For the past 30 years, telecoms in the UAE have been synonymous with Emirates Telecommunications Corporation (ETISALAT), the giant that has been functioning as a commercial operator with a reputation for efficiency and technological advancement.

Established in 1976, ETISALAT has been pushed by the UAE's ambition to be a regional economic force and by a demanding customer base. 'Over the past three decades, it has been a regional leader in introducing new services and has helped to push the UAE to extremely high telecommunications penetration rates.

During this period, ETISALAT has progressed beyond the direct provision of telecommunications services to develop a comprehensive range of activities that extends from card manufacturing to laying under-sea cables,' according to a report in 'Emerging Abu Dhabi 2006', a business review published recently by the Oxford Business Group in association with the Mubadala Development Company,

Both the UAE's telecoms landscape and ETISALAT's own business environment are now undergoing radical change. At home, liberalisation means that ETISALAT will soon be facing competition from a second telecoms operator that is due to be licensed before the end of 2005. ETISALAT has been gearing up for the change with new services and a streamlining of divisions management structure.

In the international arena, it has been investing heavily in a drive to establish itself as a major fixed-line and mobile operator in a region that now extends from Pakistan to West Africa.
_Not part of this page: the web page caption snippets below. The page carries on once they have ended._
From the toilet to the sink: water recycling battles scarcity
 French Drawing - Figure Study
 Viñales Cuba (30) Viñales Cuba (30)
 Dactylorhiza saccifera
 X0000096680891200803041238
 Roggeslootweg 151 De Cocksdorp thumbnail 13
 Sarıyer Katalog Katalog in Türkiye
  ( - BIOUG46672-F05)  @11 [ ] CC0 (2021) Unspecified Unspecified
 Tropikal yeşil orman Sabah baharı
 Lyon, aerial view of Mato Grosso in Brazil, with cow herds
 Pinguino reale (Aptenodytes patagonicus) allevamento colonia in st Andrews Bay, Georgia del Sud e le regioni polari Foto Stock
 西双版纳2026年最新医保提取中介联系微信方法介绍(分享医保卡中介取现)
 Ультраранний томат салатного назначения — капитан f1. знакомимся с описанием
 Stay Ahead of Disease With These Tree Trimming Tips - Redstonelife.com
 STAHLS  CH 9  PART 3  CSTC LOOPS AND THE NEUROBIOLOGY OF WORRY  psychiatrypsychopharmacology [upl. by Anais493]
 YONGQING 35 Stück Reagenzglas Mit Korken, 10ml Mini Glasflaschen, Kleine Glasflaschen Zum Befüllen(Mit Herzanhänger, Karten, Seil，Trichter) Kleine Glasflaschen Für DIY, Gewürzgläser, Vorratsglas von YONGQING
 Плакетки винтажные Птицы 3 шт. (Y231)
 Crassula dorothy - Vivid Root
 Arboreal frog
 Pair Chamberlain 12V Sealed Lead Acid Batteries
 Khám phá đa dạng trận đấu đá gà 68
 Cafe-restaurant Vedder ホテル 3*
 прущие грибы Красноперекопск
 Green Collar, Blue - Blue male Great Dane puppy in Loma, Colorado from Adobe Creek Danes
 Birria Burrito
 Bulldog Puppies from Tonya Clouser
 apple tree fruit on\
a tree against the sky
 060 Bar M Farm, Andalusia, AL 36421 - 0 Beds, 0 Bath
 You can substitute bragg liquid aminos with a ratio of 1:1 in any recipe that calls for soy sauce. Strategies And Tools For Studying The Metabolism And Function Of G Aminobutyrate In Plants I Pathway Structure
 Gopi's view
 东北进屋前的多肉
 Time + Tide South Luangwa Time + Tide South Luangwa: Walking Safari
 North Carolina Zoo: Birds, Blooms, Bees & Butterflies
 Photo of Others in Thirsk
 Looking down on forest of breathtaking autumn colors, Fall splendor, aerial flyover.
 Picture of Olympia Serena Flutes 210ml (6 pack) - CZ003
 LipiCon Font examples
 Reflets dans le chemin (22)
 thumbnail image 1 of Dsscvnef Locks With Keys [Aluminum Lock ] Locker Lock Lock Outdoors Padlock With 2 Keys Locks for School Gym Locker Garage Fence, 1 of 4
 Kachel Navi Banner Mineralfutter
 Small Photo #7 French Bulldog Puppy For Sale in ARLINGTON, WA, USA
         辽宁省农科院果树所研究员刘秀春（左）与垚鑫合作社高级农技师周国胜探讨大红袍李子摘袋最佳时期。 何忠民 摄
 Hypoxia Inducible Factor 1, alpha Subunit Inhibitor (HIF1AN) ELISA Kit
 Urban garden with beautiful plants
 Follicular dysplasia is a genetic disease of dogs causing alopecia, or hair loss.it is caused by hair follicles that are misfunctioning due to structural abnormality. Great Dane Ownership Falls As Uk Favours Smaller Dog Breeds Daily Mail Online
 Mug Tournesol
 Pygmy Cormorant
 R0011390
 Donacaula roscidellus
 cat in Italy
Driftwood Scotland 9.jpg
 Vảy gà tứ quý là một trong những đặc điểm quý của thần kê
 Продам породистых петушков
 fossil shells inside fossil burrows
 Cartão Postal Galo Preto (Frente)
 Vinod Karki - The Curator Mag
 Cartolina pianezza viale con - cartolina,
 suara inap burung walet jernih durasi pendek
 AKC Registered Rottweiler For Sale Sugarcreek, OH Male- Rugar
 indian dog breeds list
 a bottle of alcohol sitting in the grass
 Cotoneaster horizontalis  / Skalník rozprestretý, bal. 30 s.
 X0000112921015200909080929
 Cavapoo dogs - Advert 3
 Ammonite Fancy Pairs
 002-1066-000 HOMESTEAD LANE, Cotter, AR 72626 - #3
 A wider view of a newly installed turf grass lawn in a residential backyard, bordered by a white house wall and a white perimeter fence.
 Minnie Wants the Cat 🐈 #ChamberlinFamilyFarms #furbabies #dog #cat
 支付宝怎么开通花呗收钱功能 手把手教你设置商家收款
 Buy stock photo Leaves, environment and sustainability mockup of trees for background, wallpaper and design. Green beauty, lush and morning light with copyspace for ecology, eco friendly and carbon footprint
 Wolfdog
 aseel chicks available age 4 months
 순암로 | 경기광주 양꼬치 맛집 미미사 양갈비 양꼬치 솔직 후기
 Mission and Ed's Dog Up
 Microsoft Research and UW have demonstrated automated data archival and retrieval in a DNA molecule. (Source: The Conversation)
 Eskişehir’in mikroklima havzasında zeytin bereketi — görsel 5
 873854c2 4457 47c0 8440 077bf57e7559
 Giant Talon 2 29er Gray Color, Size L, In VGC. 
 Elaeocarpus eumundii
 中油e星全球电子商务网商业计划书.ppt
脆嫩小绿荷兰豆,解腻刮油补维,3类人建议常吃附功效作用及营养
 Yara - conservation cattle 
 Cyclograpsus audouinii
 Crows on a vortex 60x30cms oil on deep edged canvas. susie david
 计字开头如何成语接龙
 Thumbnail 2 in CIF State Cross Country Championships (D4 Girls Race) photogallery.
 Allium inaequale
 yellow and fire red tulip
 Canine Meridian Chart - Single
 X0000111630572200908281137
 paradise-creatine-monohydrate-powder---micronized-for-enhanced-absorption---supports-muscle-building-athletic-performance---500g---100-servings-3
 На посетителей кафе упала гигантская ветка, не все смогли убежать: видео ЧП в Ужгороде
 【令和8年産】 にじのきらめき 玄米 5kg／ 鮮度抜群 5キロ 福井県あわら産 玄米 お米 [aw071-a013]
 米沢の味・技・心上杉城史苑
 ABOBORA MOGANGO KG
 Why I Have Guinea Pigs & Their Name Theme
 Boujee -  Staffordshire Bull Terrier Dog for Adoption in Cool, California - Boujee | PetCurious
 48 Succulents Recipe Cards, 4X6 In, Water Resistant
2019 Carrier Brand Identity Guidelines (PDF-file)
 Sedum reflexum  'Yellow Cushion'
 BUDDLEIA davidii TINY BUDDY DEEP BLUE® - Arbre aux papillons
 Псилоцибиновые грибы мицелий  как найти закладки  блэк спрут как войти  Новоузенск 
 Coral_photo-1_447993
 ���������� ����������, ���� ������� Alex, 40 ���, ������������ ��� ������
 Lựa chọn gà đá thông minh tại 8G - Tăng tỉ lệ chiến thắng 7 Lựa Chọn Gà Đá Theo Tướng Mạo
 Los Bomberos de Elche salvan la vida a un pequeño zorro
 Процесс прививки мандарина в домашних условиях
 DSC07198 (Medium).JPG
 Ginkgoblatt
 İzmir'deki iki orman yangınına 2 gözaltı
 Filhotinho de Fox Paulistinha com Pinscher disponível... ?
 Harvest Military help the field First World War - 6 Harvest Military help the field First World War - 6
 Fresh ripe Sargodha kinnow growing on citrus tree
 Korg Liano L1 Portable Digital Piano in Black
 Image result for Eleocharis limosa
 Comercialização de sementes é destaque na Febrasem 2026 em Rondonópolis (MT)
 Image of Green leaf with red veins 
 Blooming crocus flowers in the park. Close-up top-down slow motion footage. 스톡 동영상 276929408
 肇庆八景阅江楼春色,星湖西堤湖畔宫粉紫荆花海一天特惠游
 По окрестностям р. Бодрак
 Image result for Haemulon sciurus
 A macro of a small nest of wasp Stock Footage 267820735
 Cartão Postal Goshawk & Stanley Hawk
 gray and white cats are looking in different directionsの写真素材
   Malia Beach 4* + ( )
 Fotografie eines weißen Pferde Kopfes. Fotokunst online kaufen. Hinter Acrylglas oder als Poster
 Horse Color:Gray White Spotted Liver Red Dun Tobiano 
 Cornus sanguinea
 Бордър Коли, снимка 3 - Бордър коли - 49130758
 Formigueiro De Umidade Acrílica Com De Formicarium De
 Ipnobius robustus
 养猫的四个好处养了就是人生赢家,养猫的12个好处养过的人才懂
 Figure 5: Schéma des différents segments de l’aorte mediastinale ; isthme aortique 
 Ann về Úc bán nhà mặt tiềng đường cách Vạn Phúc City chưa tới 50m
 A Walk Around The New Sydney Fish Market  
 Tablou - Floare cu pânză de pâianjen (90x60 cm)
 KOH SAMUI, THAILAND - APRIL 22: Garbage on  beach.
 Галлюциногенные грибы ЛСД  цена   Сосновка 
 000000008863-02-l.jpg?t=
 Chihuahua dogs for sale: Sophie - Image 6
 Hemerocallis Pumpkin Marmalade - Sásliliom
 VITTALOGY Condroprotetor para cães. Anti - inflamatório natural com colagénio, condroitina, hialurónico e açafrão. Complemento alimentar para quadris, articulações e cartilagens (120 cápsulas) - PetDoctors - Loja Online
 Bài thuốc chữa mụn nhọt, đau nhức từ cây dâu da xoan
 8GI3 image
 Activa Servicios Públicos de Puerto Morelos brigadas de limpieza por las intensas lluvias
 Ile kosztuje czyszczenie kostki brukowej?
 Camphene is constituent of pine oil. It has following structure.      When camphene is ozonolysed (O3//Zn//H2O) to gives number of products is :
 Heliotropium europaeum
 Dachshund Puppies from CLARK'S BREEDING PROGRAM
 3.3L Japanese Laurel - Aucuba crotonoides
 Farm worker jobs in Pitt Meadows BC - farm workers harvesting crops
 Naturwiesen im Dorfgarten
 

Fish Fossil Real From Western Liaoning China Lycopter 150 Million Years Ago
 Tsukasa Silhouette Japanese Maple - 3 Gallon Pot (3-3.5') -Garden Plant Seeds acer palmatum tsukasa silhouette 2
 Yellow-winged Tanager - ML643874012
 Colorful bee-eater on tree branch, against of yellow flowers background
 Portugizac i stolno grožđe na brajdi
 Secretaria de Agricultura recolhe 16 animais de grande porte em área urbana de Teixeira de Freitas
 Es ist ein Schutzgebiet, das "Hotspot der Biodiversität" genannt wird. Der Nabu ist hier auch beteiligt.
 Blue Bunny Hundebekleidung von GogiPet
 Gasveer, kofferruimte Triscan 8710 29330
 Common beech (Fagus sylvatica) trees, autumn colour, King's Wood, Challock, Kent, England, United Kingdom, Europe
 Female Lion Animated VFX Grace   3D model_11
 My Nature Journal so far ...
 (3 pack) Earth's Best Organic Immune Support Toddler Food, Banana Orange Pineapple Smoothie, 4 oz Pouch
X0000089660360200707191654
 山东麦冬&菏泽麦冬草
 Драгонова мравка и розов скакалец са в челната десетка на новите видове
OPENING UP: A crucial change for ETISALAT and the UAE telecoms scene began in April 2004, when the government issued a new law allowing for liberalisation of the sector. The first result of the new law was the creation of the Telecommunications Regulatory Authority (TRA) to oversee the industry. Its missions are, among other things, to create an enabling environment for competition - including establishing rules for the relationship between a second operator and ETISALAT, as well as to establish a national spectrum plan, manage and license new entrants in the market, and to protect consumers.

Full liberalisation of the sector is not planned before 2015. At present, the TRA believes the UAE could not sustain more than two operators and is concerned that excessive competition would be bad for both operators and consumers, although if the authorities believe there is a need for a third operator, it could be licensed before the 2015 full-liberalisation date.

While ETISALAT is recognised as a high quality service provider, the TRA is looking for improvements. It wants to see competition and greater efficiency in the sector, and is particularly keen to see a rapid expansion of wireless and broadband services to match the pace of the UAE's overall growth. It looks to Singapore and South Korea as models for top service, and is keen to see the introduction of the latest technology.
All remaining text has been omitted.